[Task directions] In the records below, the relevant part opens with the line containing "Jardines de la" and closes with the line containing "соль курить ск Армянск"; print that part exactly and only, without its pictures.

───── Source data ─────

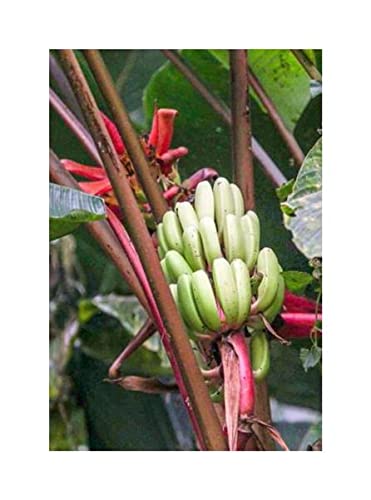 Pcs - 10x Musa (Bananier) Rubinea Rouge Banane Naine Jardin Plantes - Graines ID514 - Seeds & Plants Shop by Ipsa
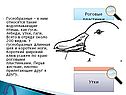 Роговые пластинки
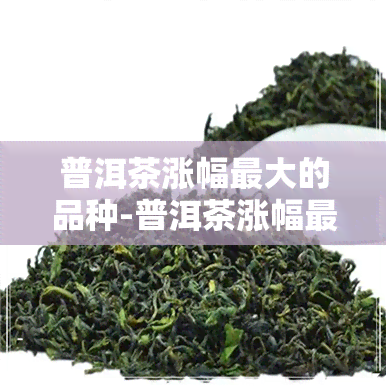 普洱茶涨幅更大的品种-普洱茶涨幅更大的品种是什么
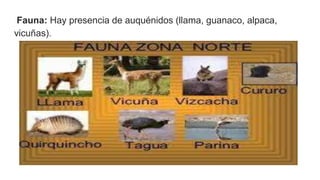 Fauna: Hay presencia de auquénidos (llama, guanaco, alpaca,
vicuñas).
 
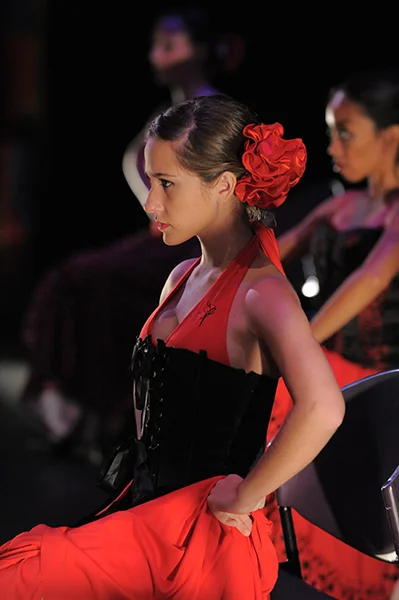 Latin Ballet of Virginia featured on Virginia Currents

─────
───── Source data ─────

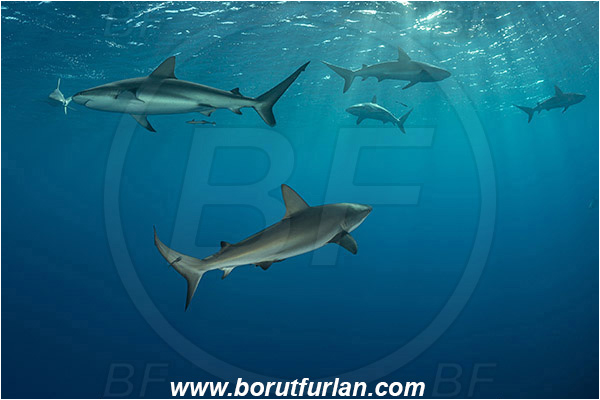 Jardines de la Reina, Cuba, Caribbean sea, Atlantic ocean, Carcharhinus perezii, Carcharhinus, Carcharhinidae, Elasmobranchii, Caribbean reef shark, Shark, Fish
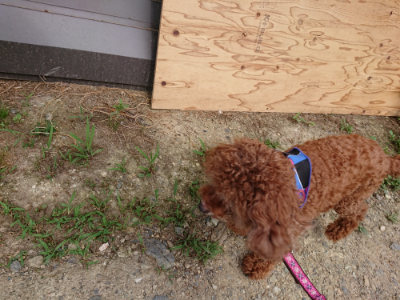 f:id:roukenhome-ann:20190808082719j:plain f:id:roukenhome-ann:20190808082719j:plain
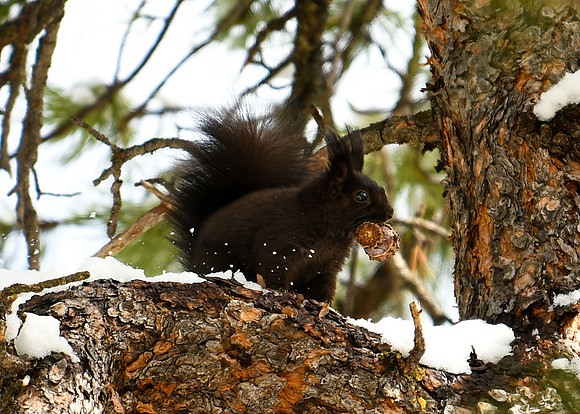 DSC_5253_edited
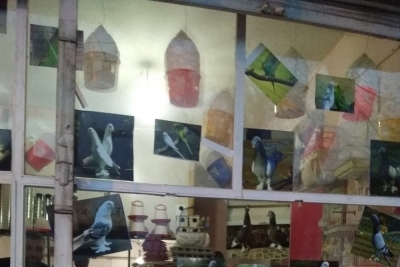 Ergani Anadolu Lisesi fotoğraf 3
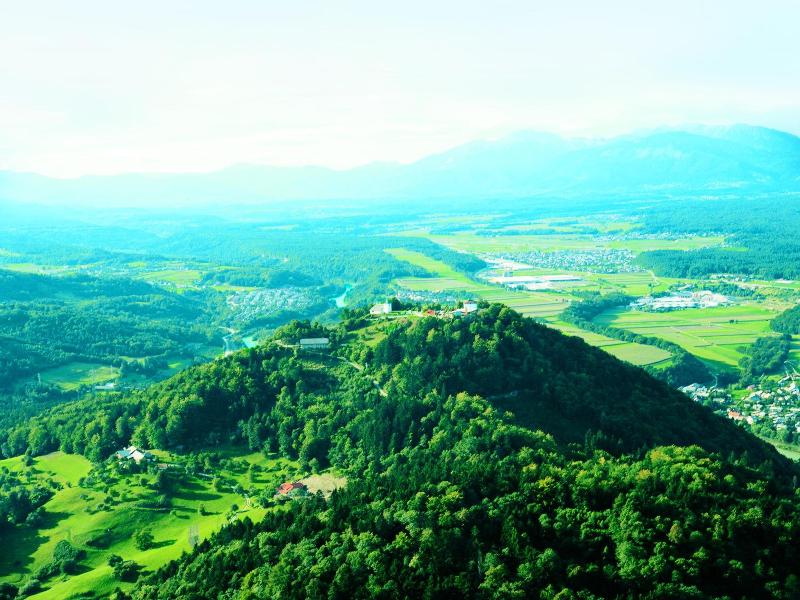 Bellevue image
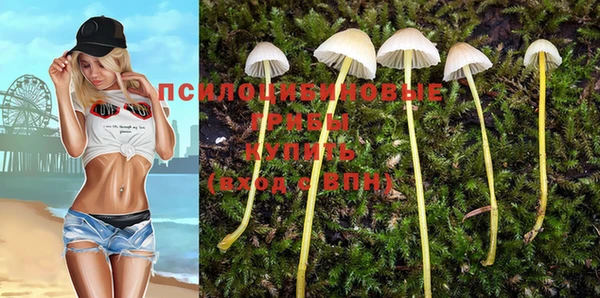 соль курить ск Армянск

─────

[Response]
 Jardines de la Reina, Cuba, Caribbean sea, Atlantic ocean, Carcharhinus perezii, Carcharhinus, Carcharhinidae, Elasmobranchii, Caribbean reef shark, Shark, Fish
 f:id:roukenhome-ann:20190808082719j:plain f:id:roukenhome-ann:20190808082719j:plain
 DSC_5253_edited
 Ergani Anadolu Lisesi fotoğraf 3
 Bellevue image
 соль курить ск Армянск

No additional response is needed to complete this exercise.